Daisy was the second child to die during the ongoing measles outbreak in Texas, according to the Texas Department of State Health Services. An unvaccinated 6-year-old girl from the Mennonite community in Seminole, Texas, became the first U.S. measles fatality in over a decade when she died in February from pneumonia complications caused by measles.
A spokesperson for University Medical Center Children’s Hospital in Lubbock, where Daisy was treated, confirmed she was unvaccinated and had no known underlying health conditions.
Doctors said she died from “measles pulmonary failure,” Texas’ Health Department said in an update on April 6.
But director of programming for CHD-TV Polly Tommey, who interviewed Hildebrand, denied that Daisy or the first child died from measles, calling reports about this “fearmongering.”
She repeated debunked claims that the MMR vaccine causes autism and then alleged, without presenting specific evidence, that “they’re killing these children in these hospitals.”
“Medical error, whatever you wanna call it,” she said, “these children are being given terrible treatments that is killing them.”
Newsweek has contacted CHD, via email, to ask for evidence of Tommey’s claims, and comment.
Covenant Children’s Hospital, where the first child was treated, didn’t comment on Tommey’s latest remarks but shared a March 20 statement with Newsweek which was originally released after CHD interviewed the first child’s parents: “A recent video circulating online contains misleading and inaccurate claims regarding care provided at Covenant Children’s. Patient confidentiality laws preclude us from providing information directly related to this case. What we can say is that our physicians and care teams follow evidence-based protocols and make clinical decisions based on a patient’s evolving condition, diagnostic findings, and the best available medical knowledge.”

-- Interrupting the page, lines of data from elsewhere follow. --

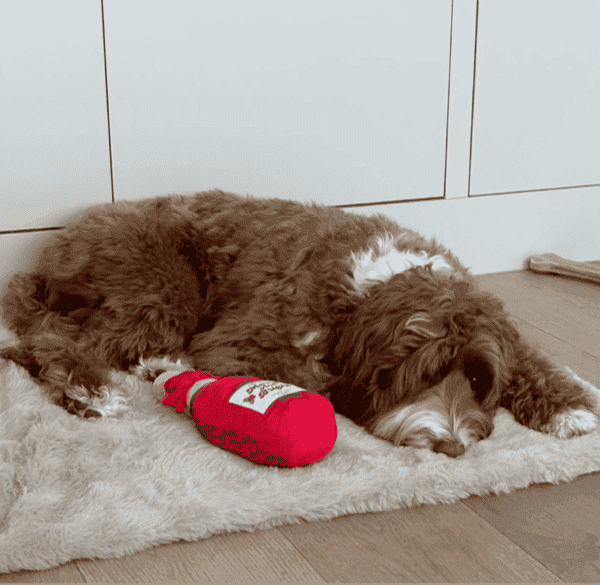 Instagram post van princess_bella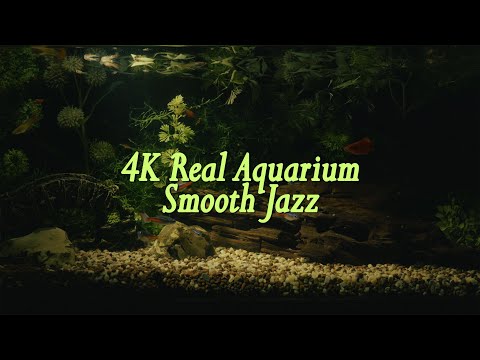 4K Real Aquarium Smooth Jazz Relaxing for 2 hours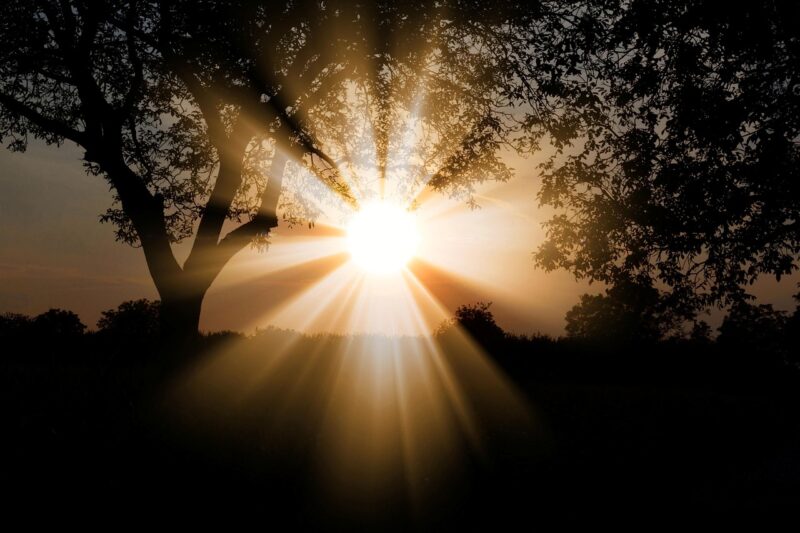 Reflect Orbital: A bright sun with rays bursting through past dark trees and landscape.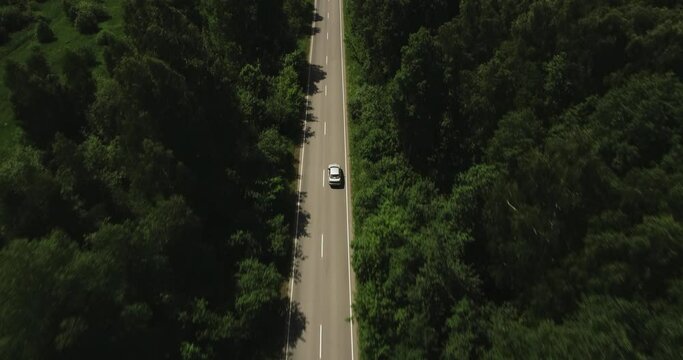 One white wagon car driving alone / travel on straight asphalt road freeway through dense forest corridor at summer sunny day. Aerial drone wide view.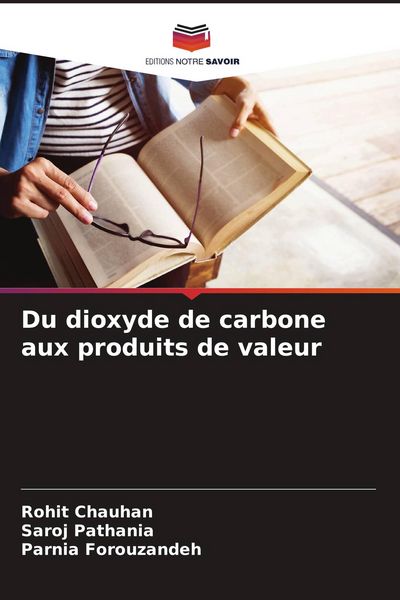 Produktbild: Du dioxyde de carbone aux produits de valeur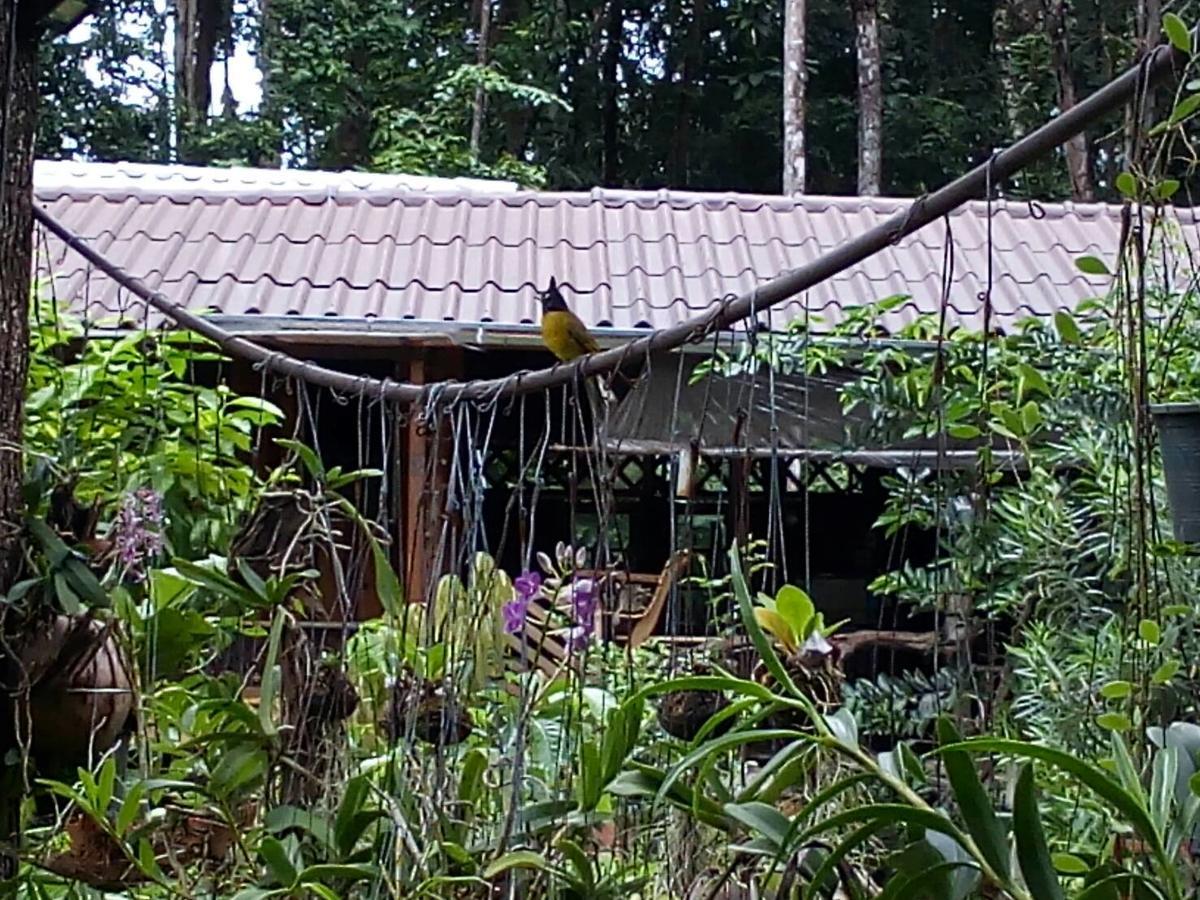 Resort Koh Kood Little Hut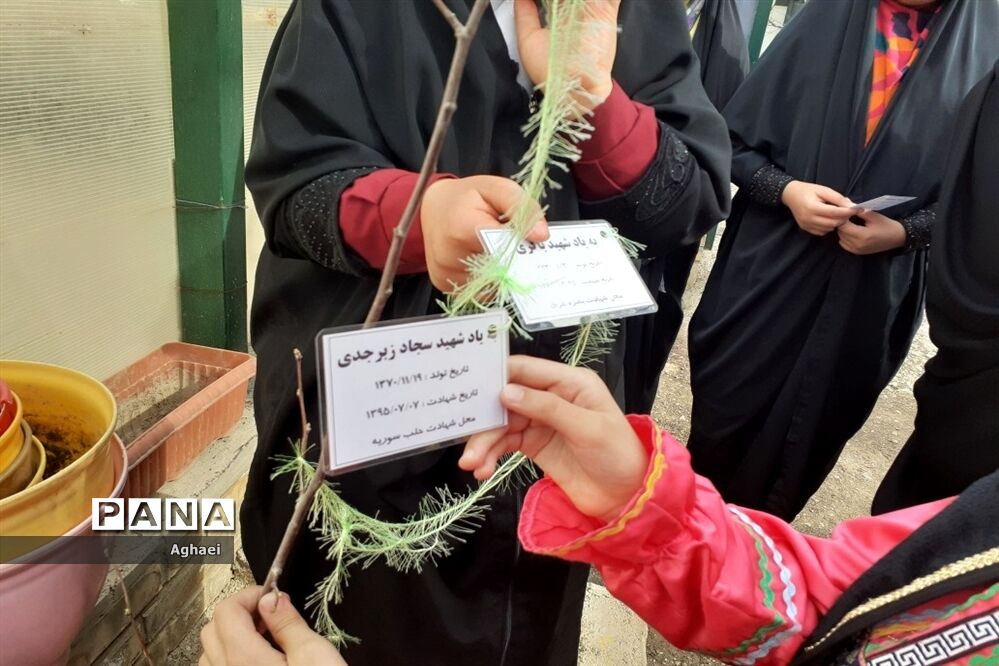 کاشت نهال به یاد شهدا توسط دانش‌آموزان منطقه ۱۳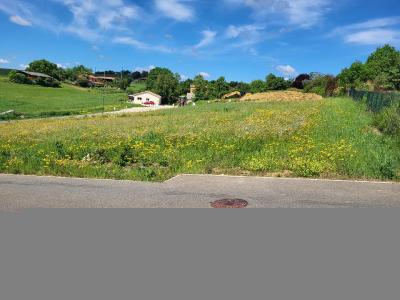 photo For sale Land LASSERAN 32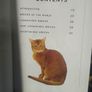Giant Book of the Cat Image 5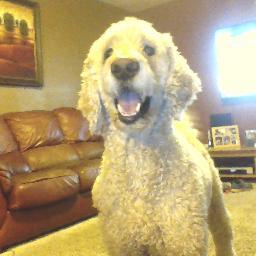 Profile Picture of Jason Tapley (@jasontapjj) on Twitter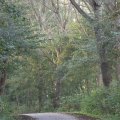 IMG_831104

Newsweek has also contacted University Medical Center, via email, for further comment.
On March 2, Kennedy published an op-ed for Fox News where he said healthcare providers, community leaders, and policymakers should make vaccines readily accessible for those who want them.
“Vaccines not only protect individual children from measles, but also contribute to community immunity, protecting those who are unable to be vaccinated due to medical reasons,” he wrote.
But Hildebrand told The Atlantic that Kennedy expressed skepticism in private. “He said, ‘You don’t know what’s in the vaccine anymore,'” Hildebrand is reported to have said, “He never said anything about the vaccine being helpful.”
Newsweek has contacted the U.S. Department of Health and Human Services, via email, for a response to this on behalf of Kennedy.
What People Are Saying
Hildebrand criticized the hospital that treated his daughter, alleging that it failed to use a treatment he had requested. “They didn’t give her the budesonide breathing treatment that we’d been asking for,” he told The Atlantic. “They were saying that the IV steroids they were giving her were better.”
Immunologist Dr. Michael Mina said, “The use of budesonide to try to treat measles simply does not, biologically or mechanistically, make sense. It is much better to prevent measles in the first place through vaccination.”
Covenant Children’s Hospital said: “Measles is a highly contagious, potentially life-threatening disease that often creates serious, well-known complications like pneumonia, encephalitis and more. We urge members of the public with questions about measles to talk with a health care provider.”
What Happens Next
As the outbreak continues, Kennedy’s agency has deployed additional teams from the CDC to assist Texas and has supplied local pharmacies and clinics with more MMR vaccines. Whether those efforts will counter vaccine skepticism in hard-hit communities like Seminole remains uncertain.